INSTRUCTIONS TO FOLLOW:
From the very first line of the records through the line that contains "Analyser un ou", repeat everything exactly except the pictures, and add nothing.

START PROVIDED DATA

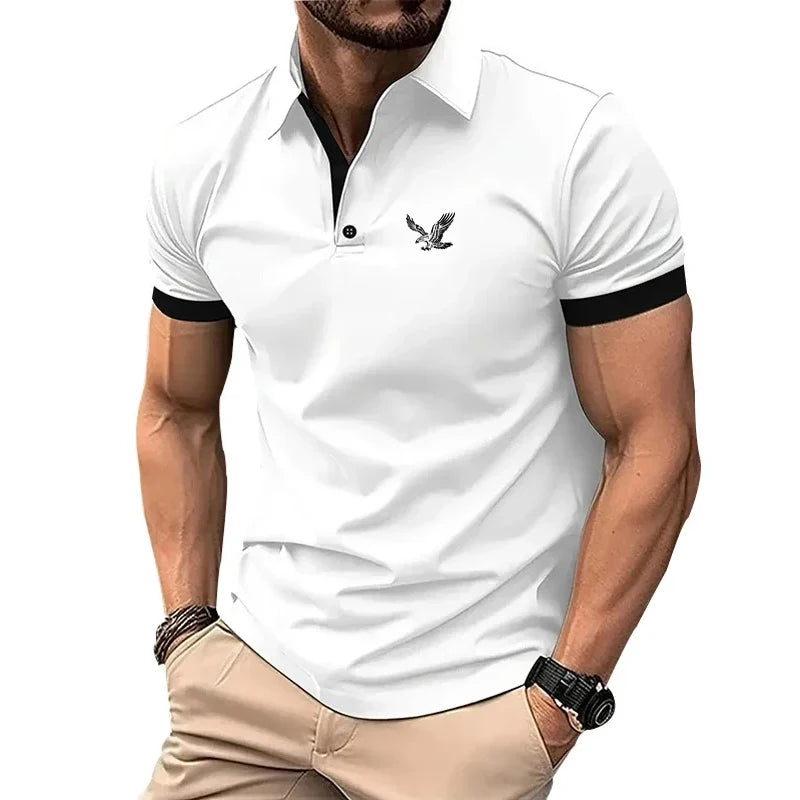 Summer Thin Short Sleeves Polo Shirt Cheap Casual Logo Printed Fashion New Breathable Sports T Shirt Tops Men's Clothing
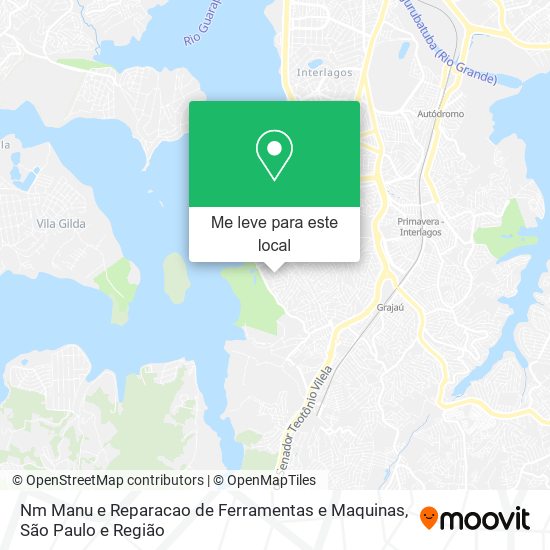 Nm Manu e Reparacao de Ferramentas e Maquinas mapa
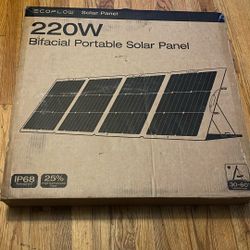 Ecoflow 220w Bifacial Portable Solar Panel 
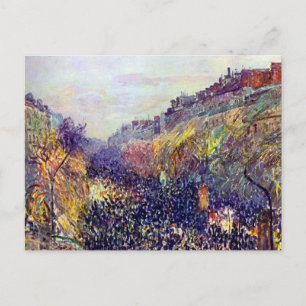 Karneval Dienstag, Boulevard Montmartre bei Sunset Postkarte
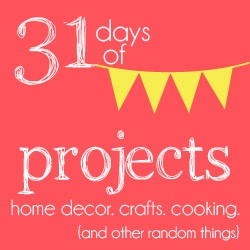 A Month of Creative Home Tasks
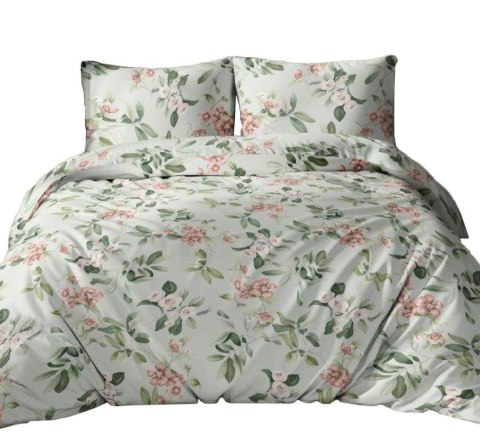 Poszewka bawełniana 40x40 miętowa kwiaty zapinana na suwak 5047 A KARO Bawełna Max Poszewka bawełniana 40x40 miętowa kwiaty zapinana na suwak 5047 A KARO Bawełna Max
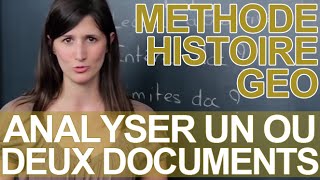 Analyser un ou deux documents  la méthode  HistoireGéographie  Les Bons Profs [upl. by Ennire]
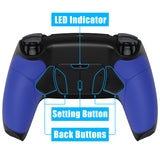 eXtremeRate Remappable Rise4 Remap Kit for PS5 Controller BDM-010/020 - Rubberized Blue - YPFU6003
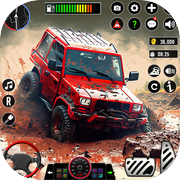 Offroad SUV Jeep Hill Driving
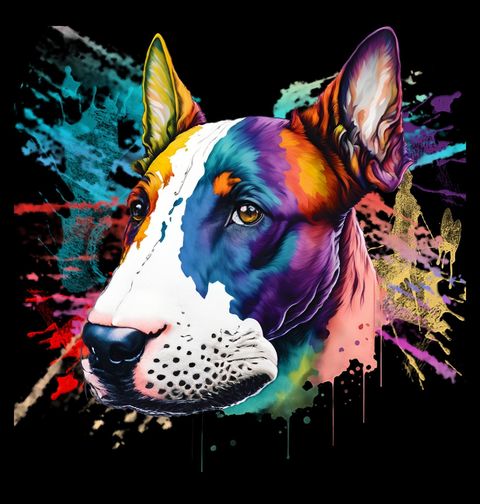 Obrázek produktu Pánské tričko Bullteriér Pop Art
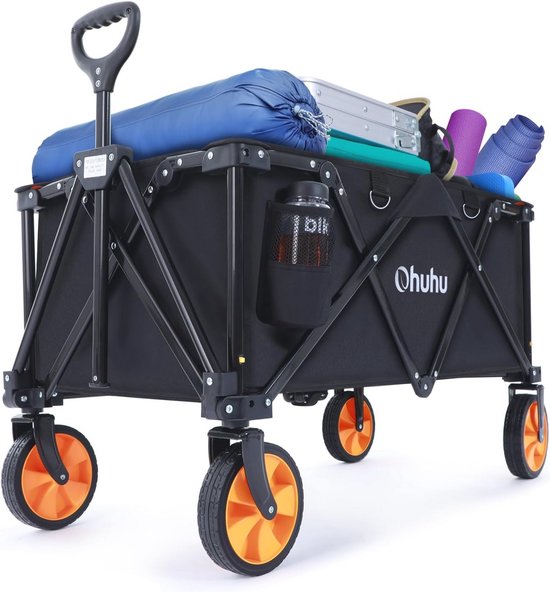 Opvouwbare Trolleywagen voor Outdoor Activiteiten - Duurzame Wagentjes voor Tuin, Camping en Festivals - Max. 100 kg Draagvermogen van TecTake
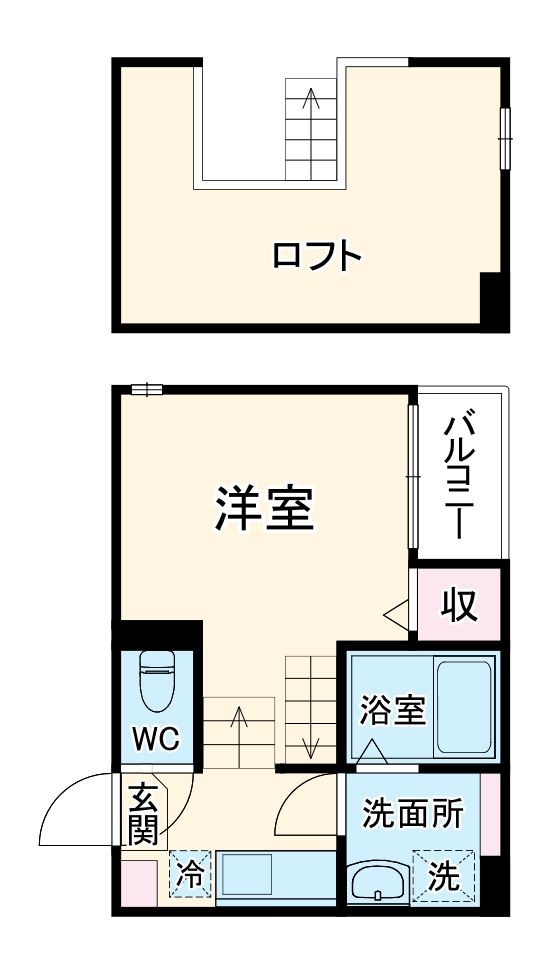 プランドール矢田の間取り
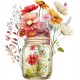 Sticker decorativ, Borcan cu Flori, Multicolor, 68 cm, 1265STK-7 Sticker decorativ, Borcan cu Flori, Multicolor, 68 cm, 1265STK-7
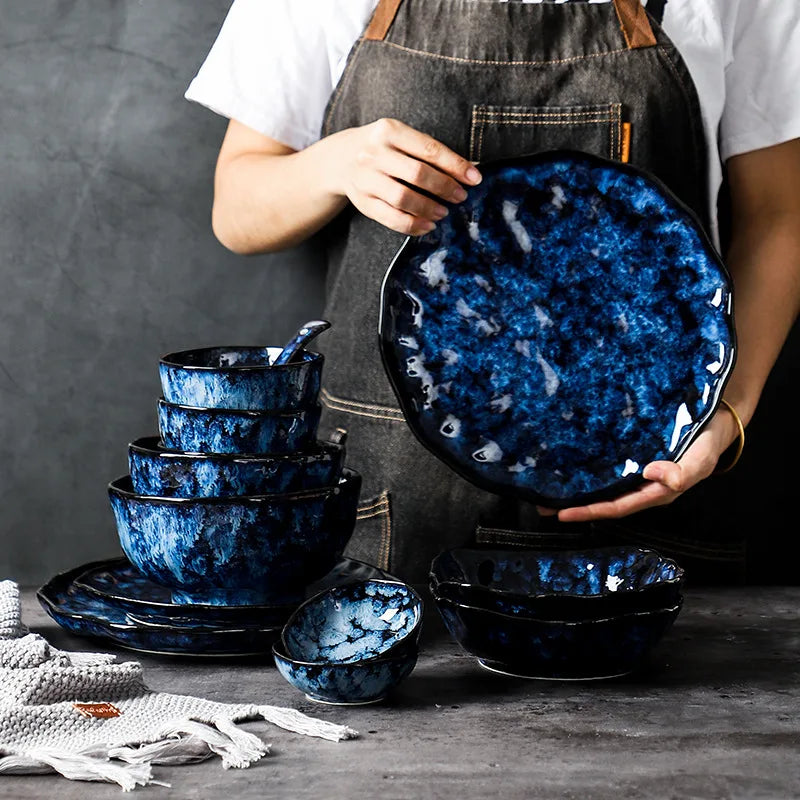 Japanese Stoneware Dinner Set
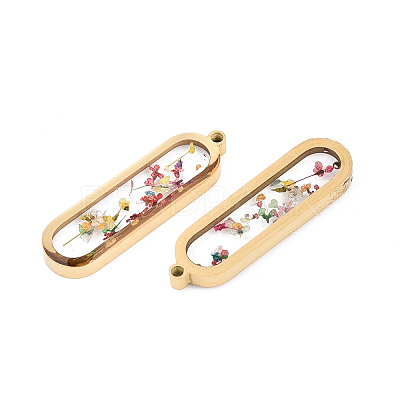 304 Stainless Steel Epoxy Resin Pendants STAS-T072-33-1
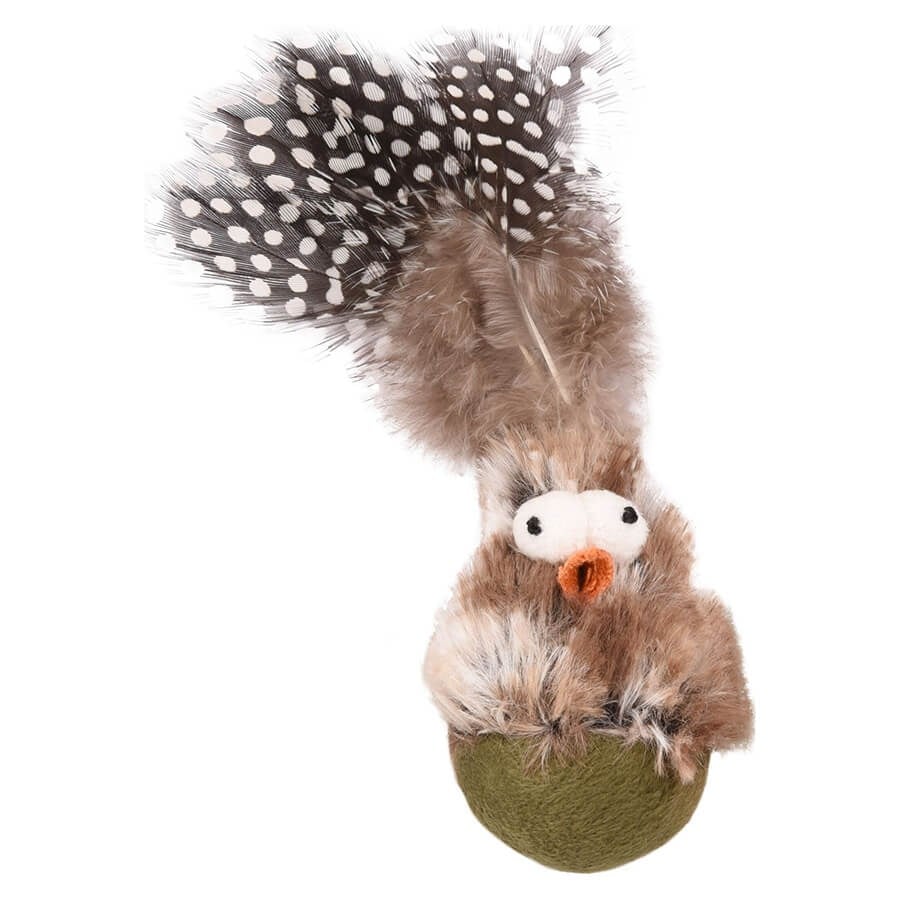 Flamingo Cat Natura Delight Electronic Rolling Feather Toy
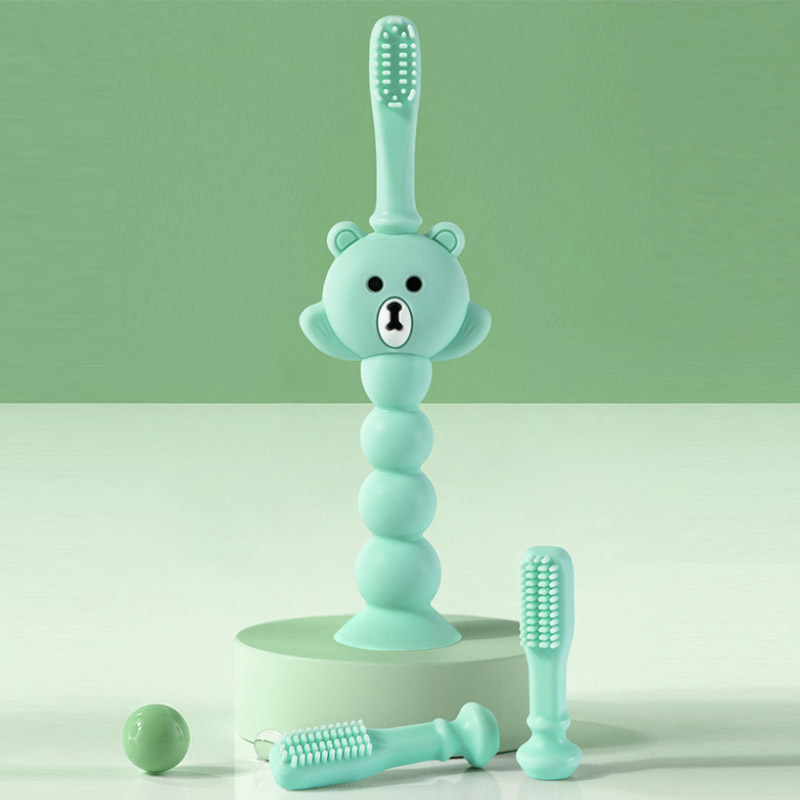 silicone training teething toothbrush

END PROVIDED DATA

OUTPUT:
 Summer Thin Short Sleeves Polo Shirt Cheap Casual Logo Printed Fashion New Breathable Sports T Shirt Tops Men's Clothing
 Nm Manu e Reparacao de Ferramentas e Maquinas mapa
 Ecoflow 220w Bifacial Portable Solar Panel 
 Karneval Dienstag, Boulevard Montmartre bei Sunset Postkarte
 A Month of Creative Home Tasks
 Poszewka bawełniana 40x40 miętowa kwiaty zapinana na suwak 5047 A KARO Bawełna Max Poszewka bawełniana 40x40 miętowa kwiaty zapinana na suwak 5047 A KARO Bawełna Max
 Analyser un ou deux documents  la méthode  HistoireGéographie  Les Bons Profs [upl. by Ennire]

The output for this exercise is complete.